OSeMOSYS-RDM (osemosys-rdm)

A reproducible workflow tool for preprocessing, solving, and postprocessing models built with the OSeMOSYS (Open Source Energy Modelling System) architecture, with built-in support for Robust Decision Making (RDM) style exploratory ensembles and scenario discovery (PRIM).

Developed by: Luis Victor Gallardo and Andrey Salazar Vargas.


What this is (and is not)

This repository provides an OSeMOSYS-specific workflow for running:

  • a single baseline model run (“Future 0”), and/or
  • a large ensemble of futures (e.g., Latin Hypercube Sampling) for RDM-type uncertainty analysis,

…then producing standardized outputs suitable for downstream analysis and PRIM scenario discovery.

Not affiliated: This is an independent tool and is not affiliated with or endorsed by the upstream OSeMOSYS project.


Scope: energy and beyond

OSeMOSYS is often used for energy-system planning, but the workflow here is not limited to “energy-only” models.

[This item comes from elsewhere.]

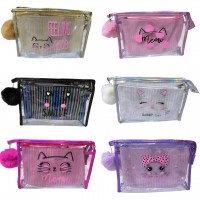A14-072  PORTACOSMETICO DE GATITO X 2 PCS CON PONPON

It can also support OSeMOSYS-based models that represent additional domains (e.g., land-use, industrial processes, waste, CLEWs-style integrated systems), as long as the model is expressed using the OSeMOSYS set/parameter/variable architecture (and the formulation used is compatible — see below).


Key features

  • Two operation modes

    • Base Future mode: execute a single baseline scenario ("Future 0")
    • RDM Experiment mode: generate and evaluate multiple futures using uncertainty ranges (Latin Hypercube Sampling)
  • Multi-solver support

    • GLPK is required (used for preprocessing). Additionally supports CBC, CPLEX, and Gurobi for solving.
  • End-to-end automation

    • preprocessing → solve → postprocessing → consolidated datasets in src/Results/
  • Scenario discovery

    • integrated PRIM workflow for identifying parameter ranges associated with success/risk outcomes
  • Reproducible pipelines

    • runs as a DVC pipeline with dependency tracking and caching

Compatibility: OSeMOSYS formulation/version

This workflow is designed for the GNU MathProg implementation of OSeMOSYS (LP formulation), and has been tested with the formulation used in MUIO v5.3.

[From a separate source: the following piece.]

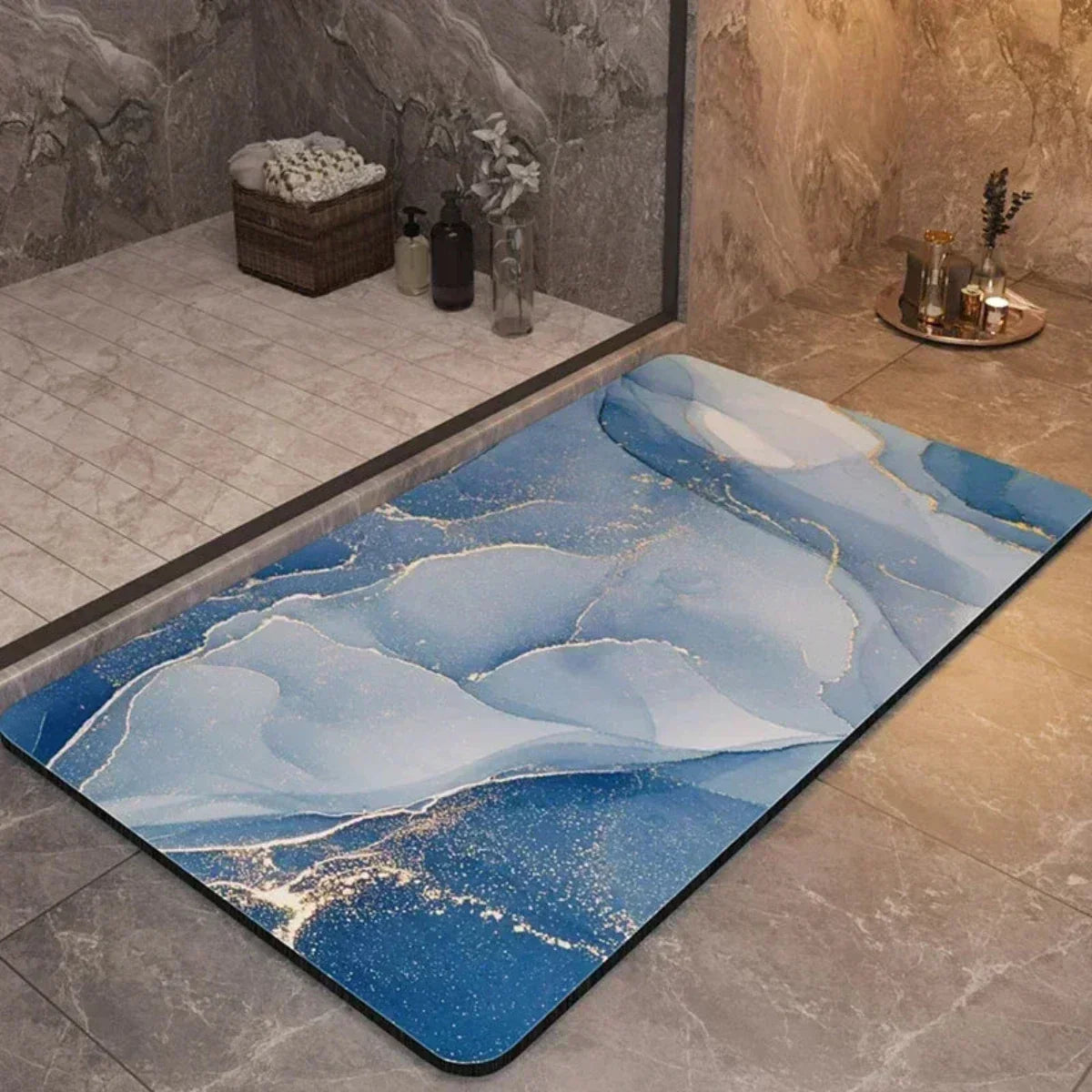 Low-profile quick-dry bath mat with an absorbent surface – view 7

What “compatible” means in practice

Your model/data should be consistent with the OSeMOSYS architecture and naming conventions used in GNU MathProg OSeMOSYS formulations (examples):

  • sets like REGION, TECHNOLOGY, COMMODITY, EMISSION, YEAR, TIMESLICE (and optional STORAGE, UDC, etc.)
  • the standard OSeMOSYS “commodity-flow” structure for technologies and demands

If you are using a different OSeMOSYS formulation (or substantially different naming conventions), you may need to adjust parsing/post-processing configuration accordingly.


Requirements

System

  • Python 3.10+
  • Conda/Miniconda (environment management)
  • At least one solver installed and available on PATH:

Optional

  • Git (recommended, but not required). The pipeline can run without Git installed.
  • DVC remote storage if you want to share large artifacts across machines.

Installation

Option 1 — Automated setup (recommended)

Running the pipeline will create/validate the conda environment and execute the DVC stages:

python run.py rdm

Option 2 — Manual setup

git clone https://github.com/clg-admin/osemosys-rdm.git
cd osemosys-rdm

conda env create -f environment.yaml
conda activate <ENV_NAME_FROM_environment.yaml>

Make sure your chosen solver (GLPK/CBC/CPLEX/Gurobi) is installed and available from the command line.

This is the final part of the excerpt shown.